Speaking of your support back home. It seems to me that Liverpool has had somewhat of a cultural resurgence in recent times. seeing a lot of artists like yourself coming out of there the last couple of years in particular. Why do you think that is?

MA – “I think it’s overdue, obviously you’ve got The Beatles which is both a blessing and a curse. I’m from just outside the city but I’ve grown up there, all my gigs from the early open mics have been there. It’s a very dear place in my heart. In terms of the resurgence you’re talking about, yeah, I think there is a lot of great stuff coming out of the city at the minute and I’m just grateful to be playing a part and doing some justice to its heritage.”

What is next in the world of Michal Aldag?

MA – “An EP, six tracks coming out in September called Socialising… I think unless that gets vetoed by mum or my sisters, they’re big supporters but also my biggest critics. But anyway, half the set today is from the coming EP and I feel like it’s a good picture of where I am artistical -without being a cliche-.”

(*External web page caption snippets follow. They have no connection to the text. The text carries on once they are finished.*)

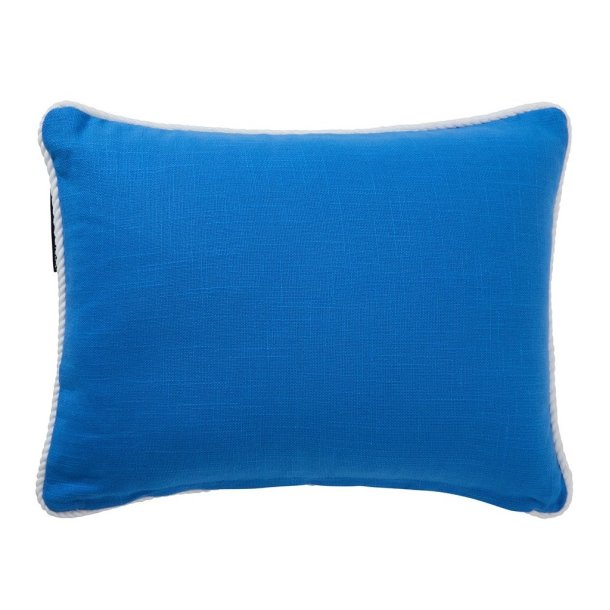 Lexington Marine Life Organic Cotton Canvas Pude, bl�/hvid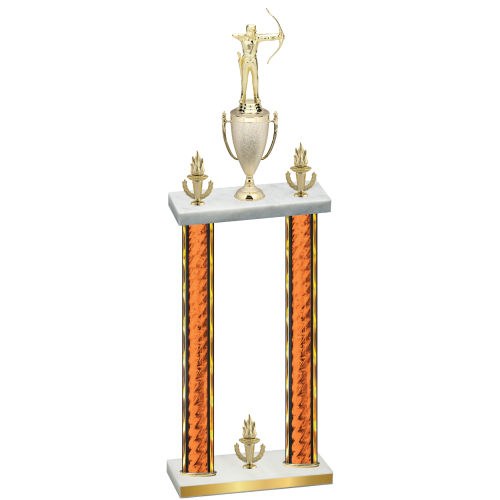 Double Orange Glacier Victory Archery Trophy
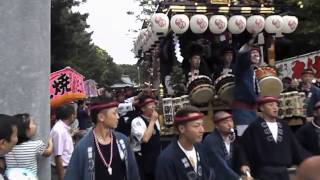 20160918 2127やわたんまち2日目年番神明町拝殿前から二の鳥居へ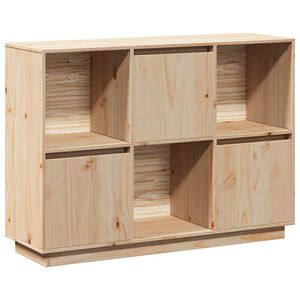 vidaXL Sideboard 110.5x35x80 cm Solid Wood Pine
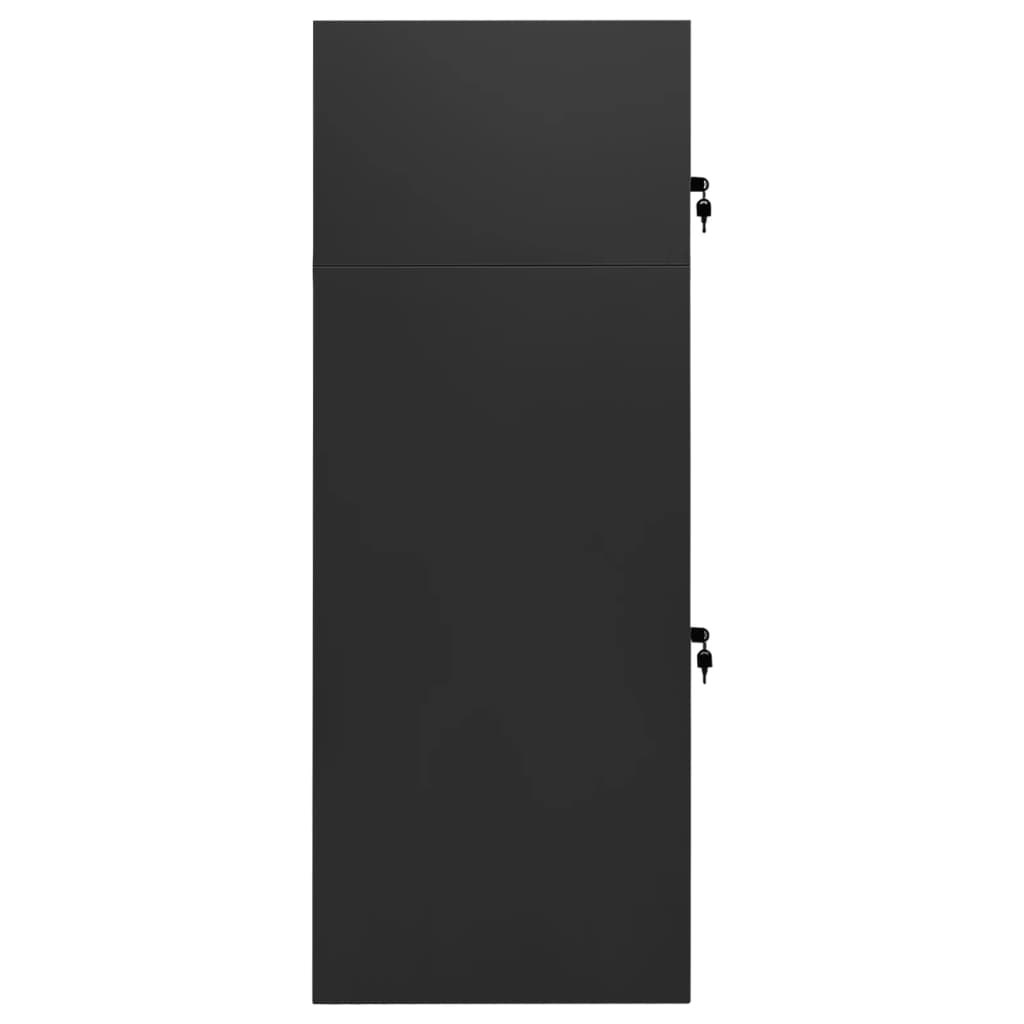 VIDAXL -Sattelschrank 53x53x140 cm Stahl Anthrazit -geläutet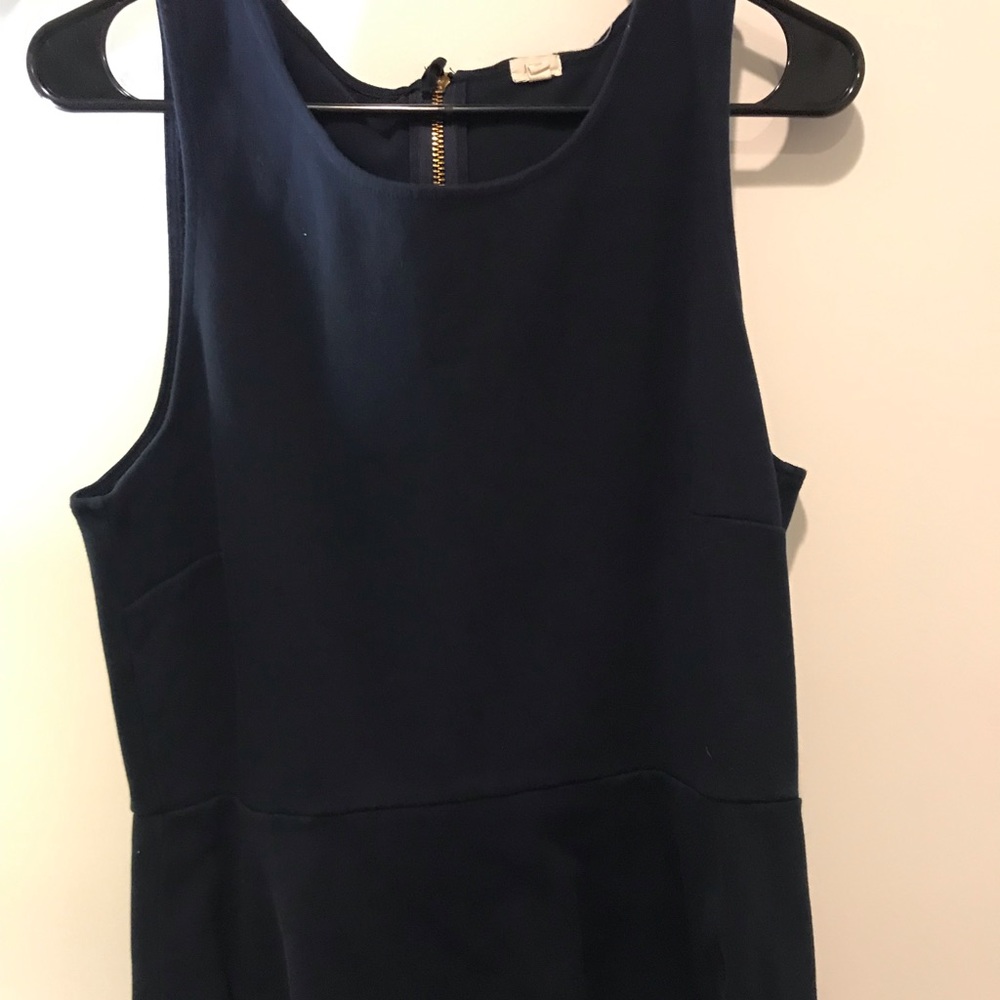 J.Crew navy blue peplum sleeveless top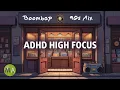 Sharp Focus for AD Brains 90s Hip-Hop AD High Focus Support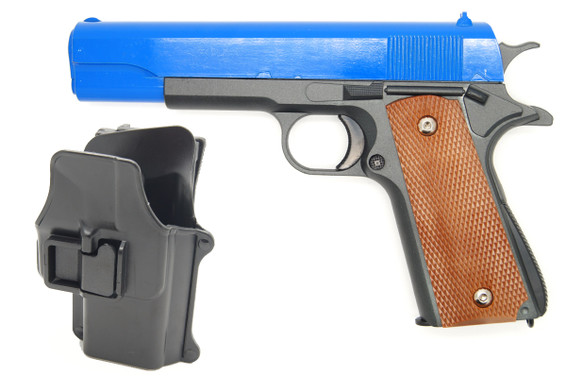 Galaxy G13H Full Metal BB Gun in Blue with Holster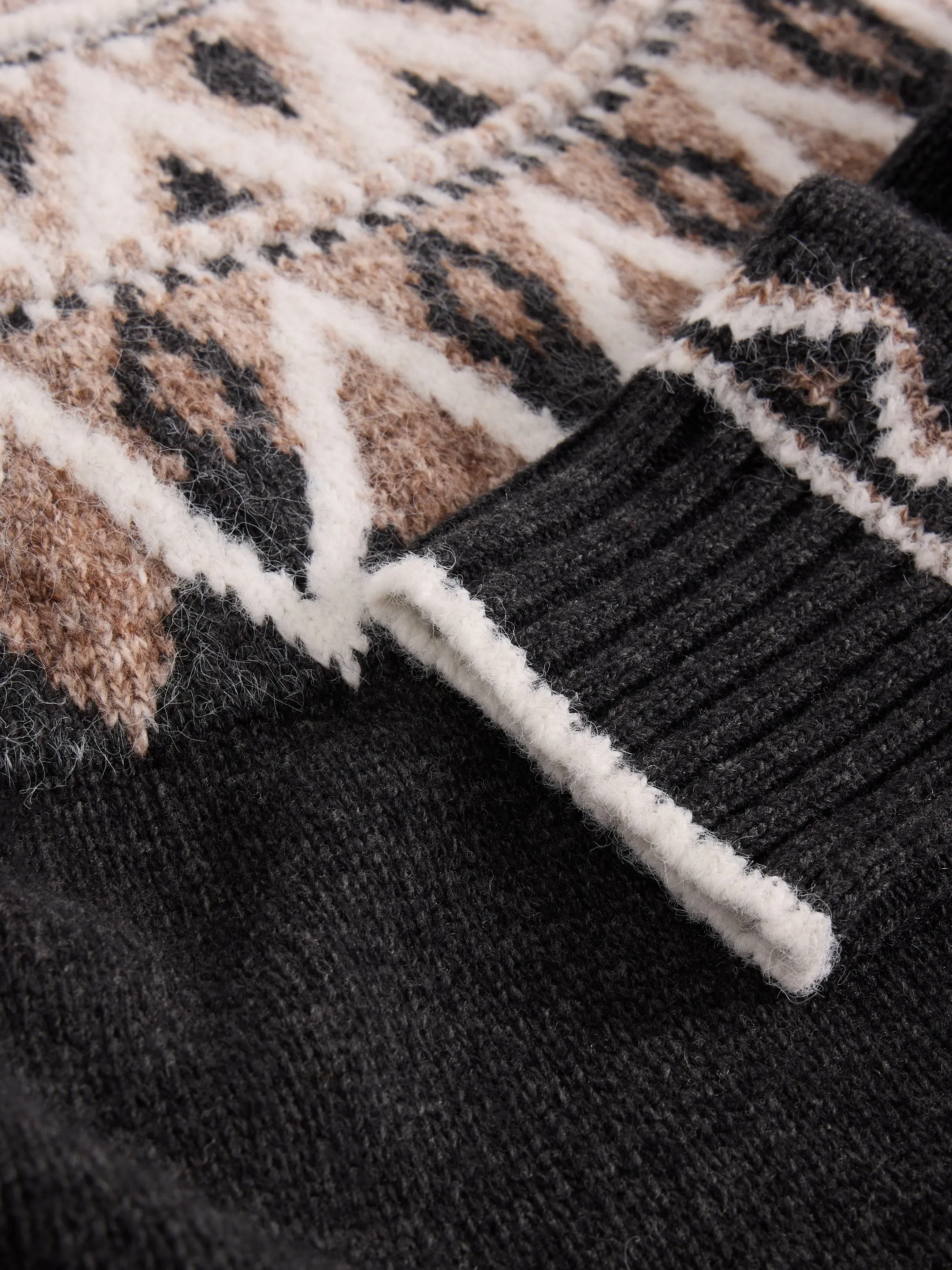 Mono Fairisle Jumper - Black Multi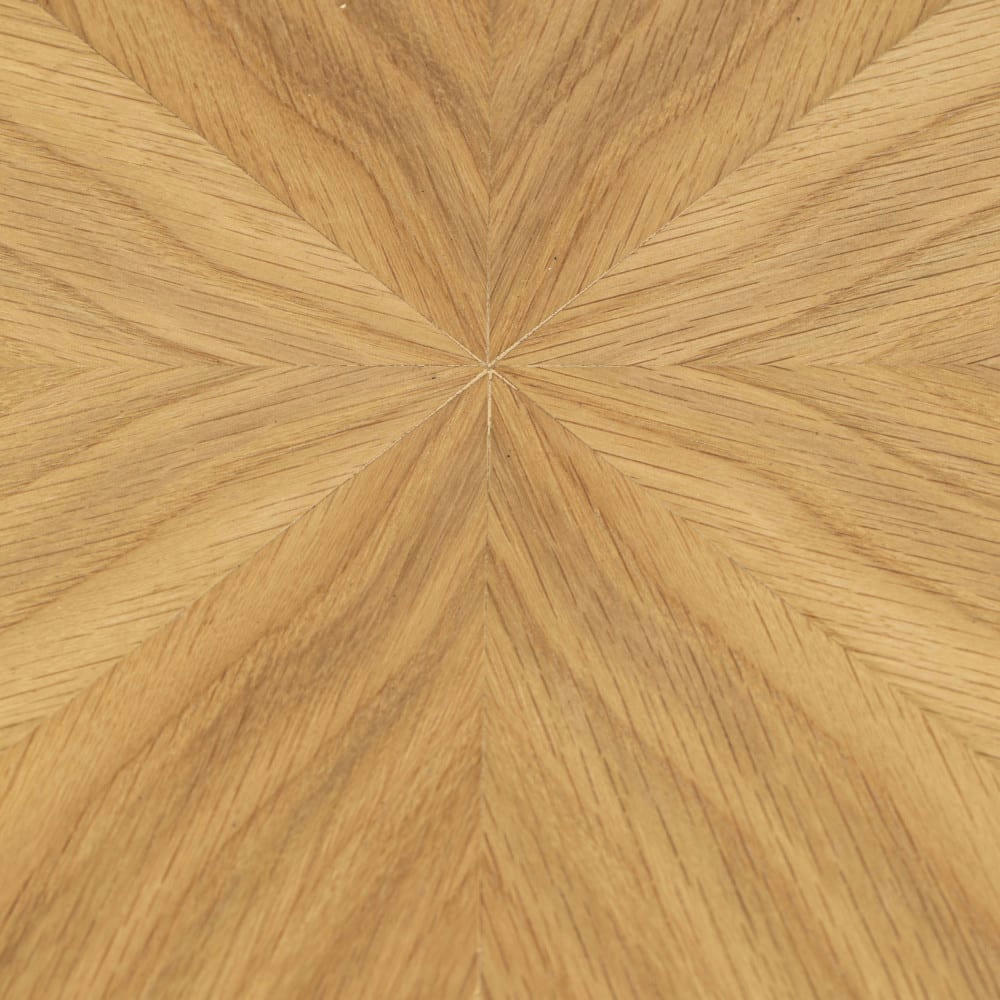 FABIO - Table à manger ronde en bois D120cm bois clair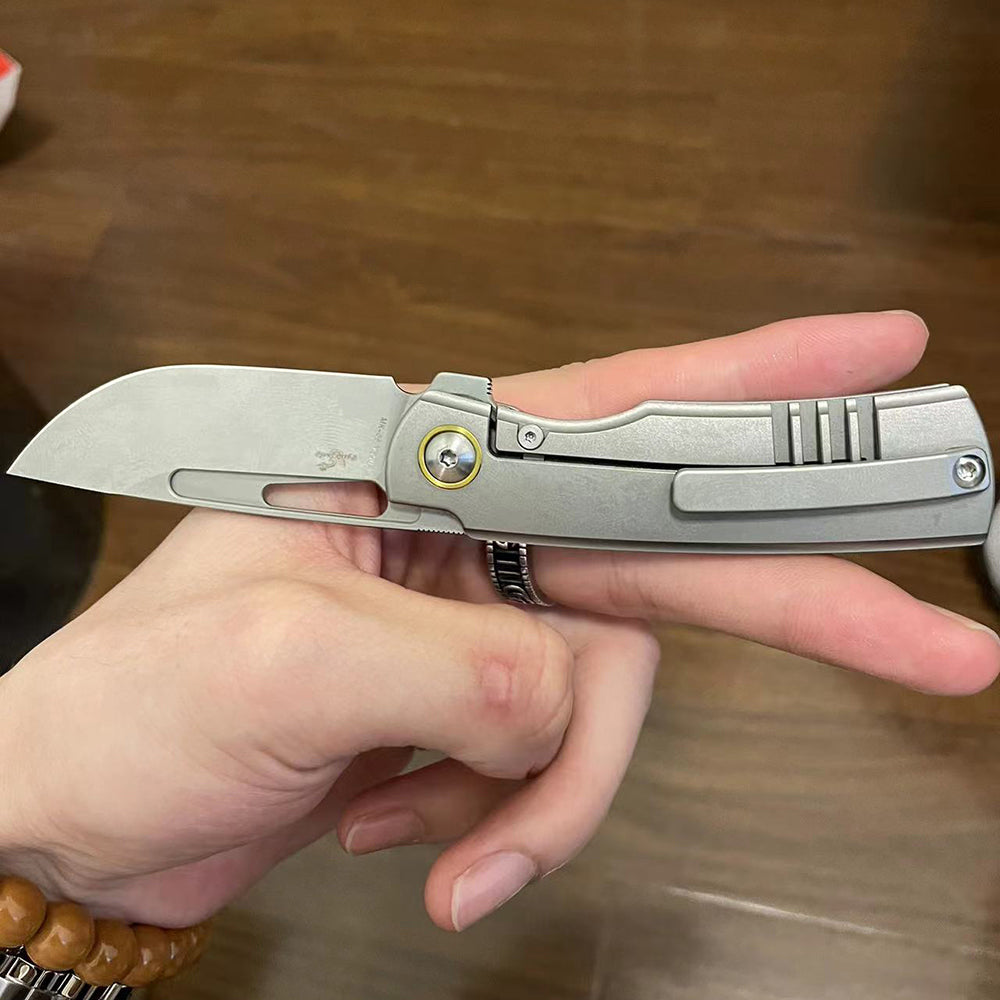 MK-06 M390 Steel Semi-One-Piece Titanium Handle Shipped In August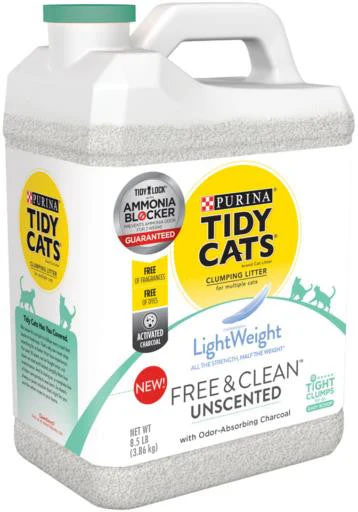 Tidy Cats Free & Clean Unscented Lightweight Litter 2/8.5lb {L-1}702117 - Image 2
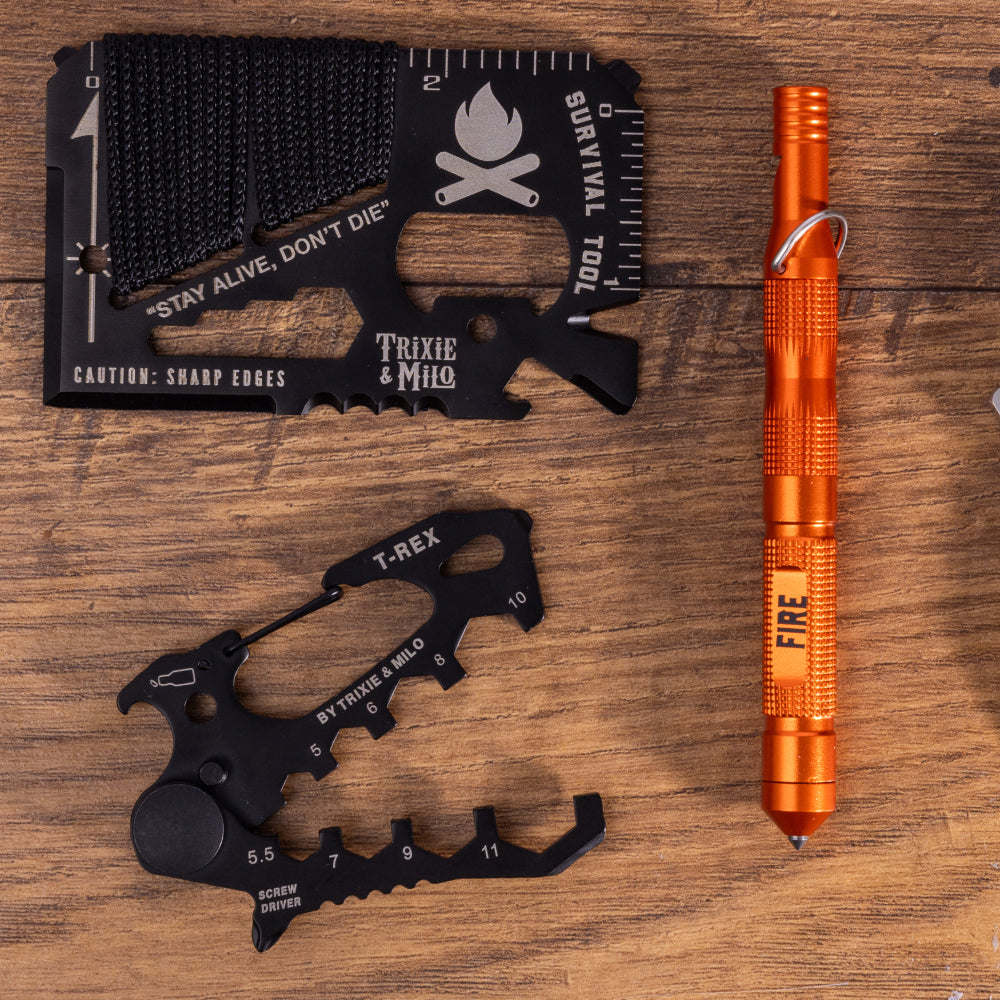 Trixie & Milo T-Rex 15-in-1 Portable Carabiner Hand Multi-Tool 7.5x9cm Black — image 4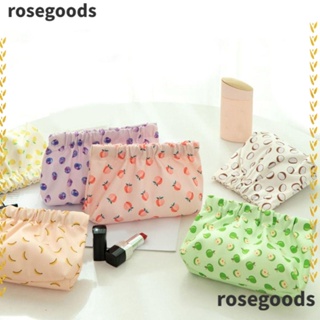 Rosegoods1 กระเป๋าใส่กุญแจ แบบพกพา พิมพ์ลายผลไม้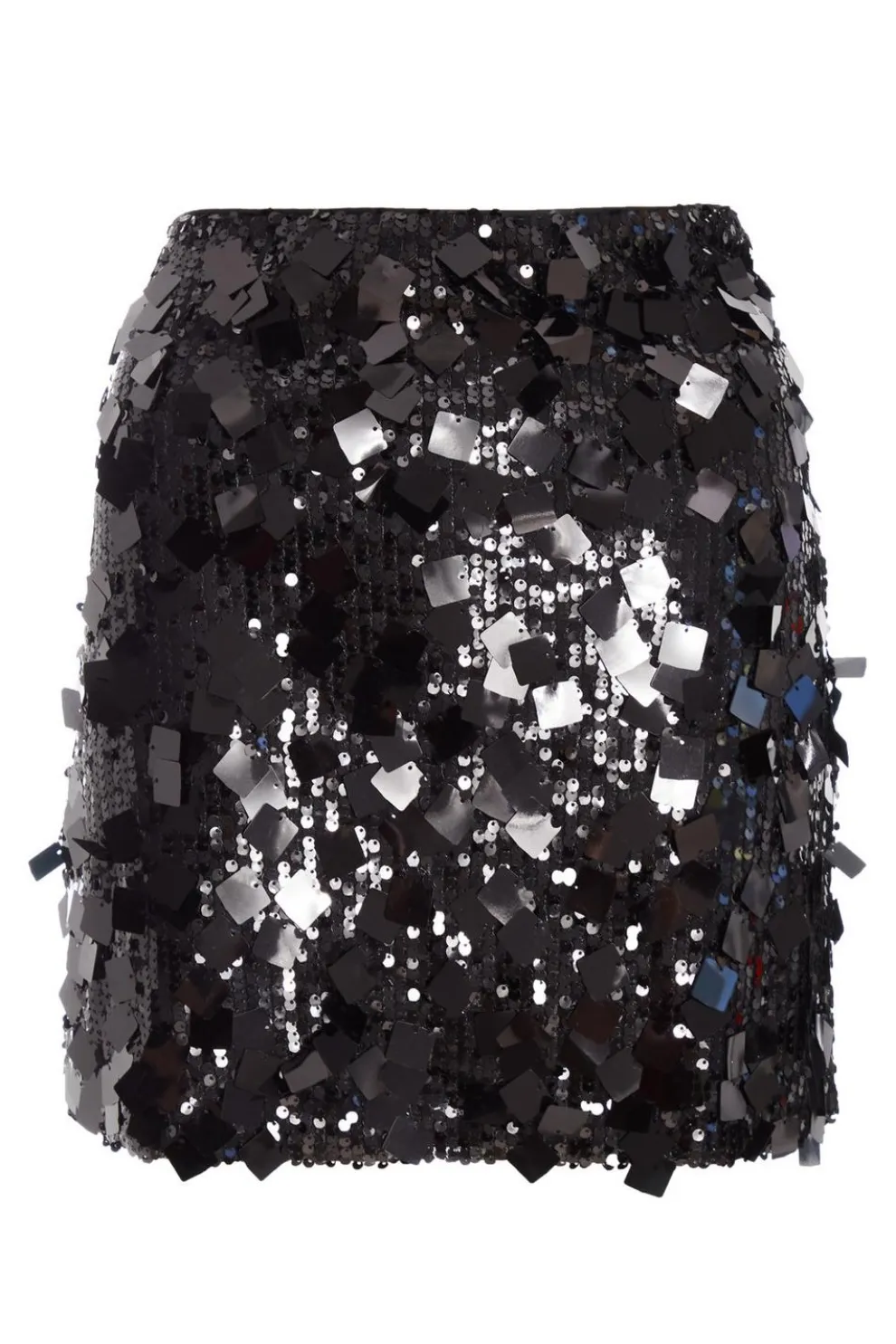 Black Sequin Mini Skirt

Gerry Cinnamon closed the day with an as-ever stellar performance. I don’t think there are any questions left over Scot’s ability to play the big festival stages. What makes Gerry so perfect for headlining day festivals like Meadowlands Festival is the loyal fanbase he brings with him. Not just the sheer numbers but the excitement from the start of the day from hearing him finishing his soundcheck to the sky being painted technicolour with smoke bombs throughout What a great way to start the summer.

Meadowlands Festival definitely has a big future ahead in making itself an established name in the festival calendar. I look forward to seeing what they bring for 2023!